PROSEDUR PENDAFTARAN PERNIKAHAN
- Calon pengantin datang ke KUA untuk mengisi formulir pendaftaran nikah yang disediakan oleh KUA kecamatan setempat.
- Waktu pendaftaran minimal 10 hari sebelum menikah.
- Membawa Surat dari kantor desa setempat yaitu keterangan untuk nikah /model N1 (download), Surat keterangan asal-usul / model N2 (download), Surat persetujuan mempelai / model N3 (download), Surat keterangan tentang orang tua /model N4 (download), Surat izin dari orang tua atau wali bagi calon suami yang belum berumur 21 tahun dan bagi calon istri yang belum berumur 21 tahun / model N5 (download) dan Surat pemberitahuan kehendak nikah / model N7 (download) dari Kantor Desa/Kelurahan setempat.
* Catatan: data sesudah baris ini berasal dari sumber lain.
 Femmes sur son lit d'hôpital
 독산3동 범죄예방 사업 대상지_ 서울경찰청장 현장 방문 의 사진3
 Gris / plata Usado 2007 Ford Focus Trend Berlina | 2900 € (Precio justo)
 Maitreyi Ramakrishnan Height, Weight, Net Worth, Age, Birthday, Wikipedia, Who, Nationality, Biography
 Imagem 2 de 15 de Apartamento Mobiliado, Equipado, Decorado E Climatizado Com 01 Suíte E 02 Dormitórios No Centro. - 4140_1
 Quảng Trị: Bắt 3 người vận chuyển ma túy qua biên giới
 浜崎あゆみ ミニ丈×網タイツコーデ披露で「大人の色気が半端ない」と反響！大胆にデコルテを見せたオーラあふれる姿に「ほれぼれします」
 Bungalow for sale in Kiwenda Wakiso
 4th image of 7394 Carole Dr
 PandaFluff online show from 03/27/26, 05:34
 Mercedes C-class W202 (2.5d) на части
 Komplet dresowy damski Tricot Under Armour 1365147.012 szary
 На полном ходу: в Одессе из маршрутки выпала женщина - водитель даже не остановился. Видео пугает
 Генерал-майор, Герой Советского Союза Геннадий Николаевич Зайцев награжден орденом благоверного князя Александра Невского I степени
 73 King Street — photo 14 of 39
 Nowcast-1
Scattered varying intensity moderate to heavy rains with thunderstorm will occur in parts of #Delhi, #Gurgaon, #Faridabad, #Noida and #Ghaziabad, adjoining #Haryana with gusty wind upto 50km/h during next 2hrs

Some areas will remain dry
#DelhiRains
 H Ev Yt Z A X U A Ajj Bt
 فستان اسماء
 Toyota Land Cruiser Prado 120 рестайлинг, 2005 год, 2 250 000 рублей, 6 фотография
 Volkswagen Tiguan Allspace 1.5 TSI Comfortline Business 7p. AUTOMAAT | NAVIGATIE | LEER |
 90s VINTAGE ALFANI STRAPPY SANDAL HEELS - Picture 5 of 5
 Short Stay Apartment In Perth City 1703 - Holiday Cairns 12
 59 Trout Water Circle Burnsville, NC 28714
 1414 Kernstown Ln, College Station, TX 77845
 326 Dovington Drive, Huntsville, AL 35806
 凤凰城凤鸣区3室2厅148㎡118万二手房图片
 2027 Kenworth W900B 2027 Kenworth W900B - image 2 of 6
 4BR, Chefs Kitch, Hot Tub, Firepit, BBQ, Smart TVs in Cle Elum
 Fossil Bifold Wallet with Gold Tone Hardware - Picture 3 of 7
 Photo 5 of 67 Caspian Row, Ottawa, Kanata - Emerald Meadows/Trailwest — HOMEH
- Membawa bukti Imunisasi TT I bagi calon pengantin wanita dari Puskesmas/Rumah sakit setempat.
- Membawa:
- Surat izin pengadilan apabila tidak ada izin dari orang tua/wali (bagi yang belum berusia 21 tahun);
- Pas foto ukuran 2x3 sebanyak 3 lembar (untuk disimpan di buku nikah dan ekpedisi dan 3x4 1 lembar untuk disimpan di akta nikah;
- Dispensasi dari pengadilan bagi calon suami yang belum berumur 19 tahun dan bagi calon istri yang belum berumur 16 tahun;
- Surat izin dari atasan/kesatuan jika calon pengantin adalah anggota TNI/POLRI;
- Surat izin pengadilan bagi suami yang hendak beristri lebih dari seorang / poligami;
- Membawa Akta cerai yang asli bagi duda/janda cerai atau kutipan buku pendaftaran talak/buku pendaftaran cerai bagi mereka yang perceraiannya terjadi sebelum berlakunya Undang-Undang Nomor 7 tahun 1989;
- Bagi duda/janda di tinggal mati harus membawa Akta kematian atau surat keterangan kematian suami/istri yang ditanda tangani oleh Kepala Desa/Lurah atau pejabat berwenang yang menjadi dasar pengisian model N6 (download).
- Calon pengantin wajib mengikuti kursus calon pengantin (suscatin)
- Pelaksanaan akad nikah dipinpin oleh Pegawai Pencatat Nikah/Penghulu.
- PPN/Penghulu menyerahkan buku kutipan akta nikah kepada calon pengantin sesaat setelah akad nikah.